Ye Chunji (葉春及; 1532-1595), courtesy name Huafu (化甫), art name Jiongzhai (絅齋), was a Chinese county official and scholar during the Ming dynasty (1368-1644) of China.

==Life and career==
He was a native of Guangdong province and served as a county official of Huian County in Fujian province. Although topographic features were part of maps in China for centuries, Ye was the first to base county maps on on-site topographical surveying and observations. His career was sidelined for seventeen years after he became a victim of political vengeance. He came up with a model of county commerce with goods of greatest, great, and lesser importance—the latter being non-subsistence surplus goods that could be traded out of the county for commercial profit.

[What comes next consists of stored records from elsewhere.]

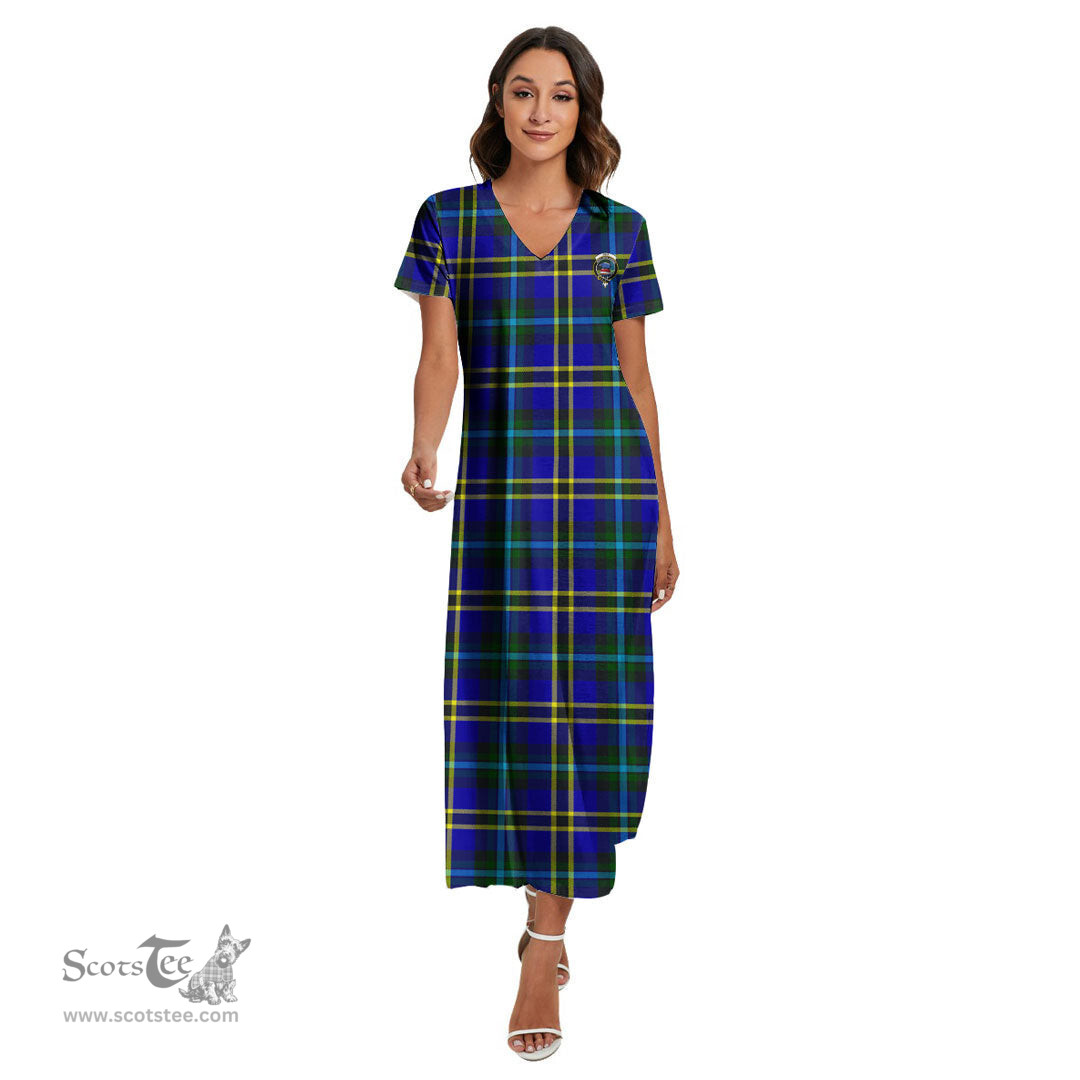 ScotsTee Shop Scottish Weir Modern Clan Crest Tartan Womens Fitted V-neck Side Slit Maxi Dress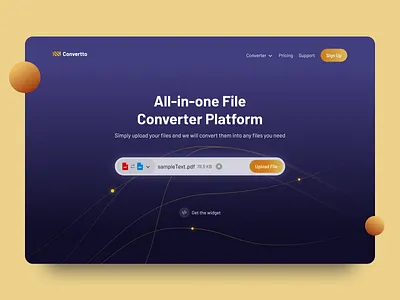 Converter File - Landing Page Exploration art convert file converter darkmode design figma flat landing page pdf ui uiux web design website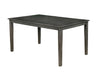 Benzara Rectangular Wooden Top Dining Table with Tapered Legs, Gray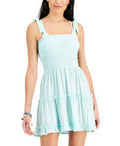 MSRP $34 Miken Juniors Smocked Swim Cover-Up Dress Aqua Size Large
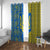 Ukrainian Flag Colors Window Curtain with Trident Crest and Traditional Folk Pattern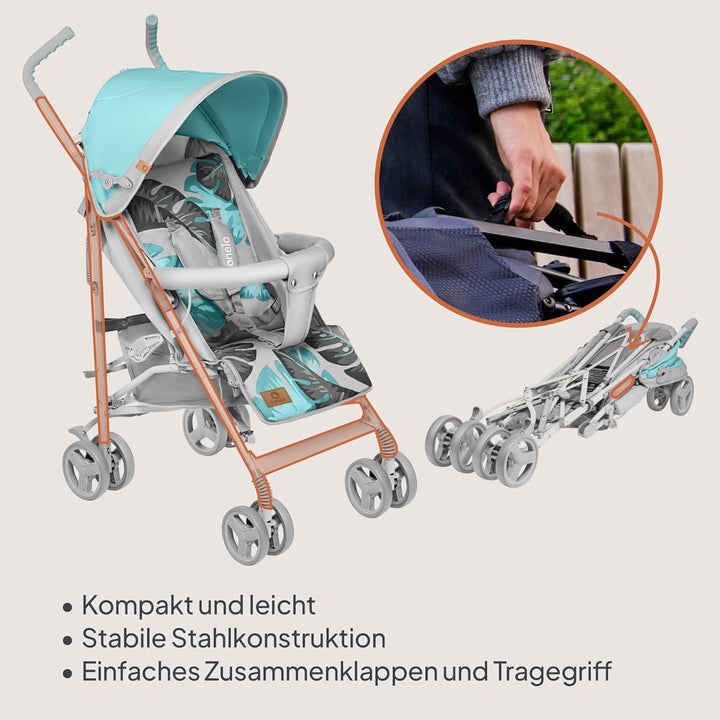 LIONELO Elia Buggy klein zusammenklappbar Kinderwagen bis 15 kg, Rücken und Fussstützenverstellung H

He issued an order to limit wedding expenses in the 1570s, stating "The frugal man with only one bar of silver currency can have something left over, whereas the extravagant man with a thousand can still not have enough". However, the elites of Huian county and others did not care much for fiscally conservative warnings such as this, and flaunted their wealth in silver.

==Model of county commerce==
Ye Chunji came up with a ranking model for consumptionary products on the local level that could be applied to his county and many others in the empire. At the top of this pyramid was the "greatest" (zui) product, which was grain; this vital item of subsistence was not traded out of the county as a commercial item. Taxes were paid in grain throughout the Ming dynasty, but as early as 1436 a portion of the grain tax was commuted to payments of silver instead; the 1581 Single whip reform of Zhang Juzheng finally assessed land taxes entirely in silver and not in grain. The middle level of importance in Ye's pyramid of county-level consumptionary goods were so-called "great" (zhong) products, which were mulberry, cotton, hemp, and ramie, the essential raw materials for local textile production. The lowest level in Ye's pyramid of goods were the "lesser" (ci) products, which were salt, cloth, vegetable oil, lumber, sugar, fruit, vegetables, fish, and livestock—all of which were traded out of the county by peddlers, itinerant retailers, or merchant wholesalers shipping large amounts of commercial goods.

Ye Chunji noted that most of these goods from his county made their way to the nearby prefectural capital at Quanzhou. He also noted that outsiders handled the trade in his county and many other Fujian county, which often led to profits being repatriated out of the local county. He did note, however, that linen produced from the county's production of hemp did generate profit that entered the county from outside. Historian Timothy Brook writes that Ye's description of his county gives the impression that most counties in the Ming dynasty relied on self-sufficient agriculture and textile production while they were largely unaffected by and disengaged with regional commodity networks between large urban markets.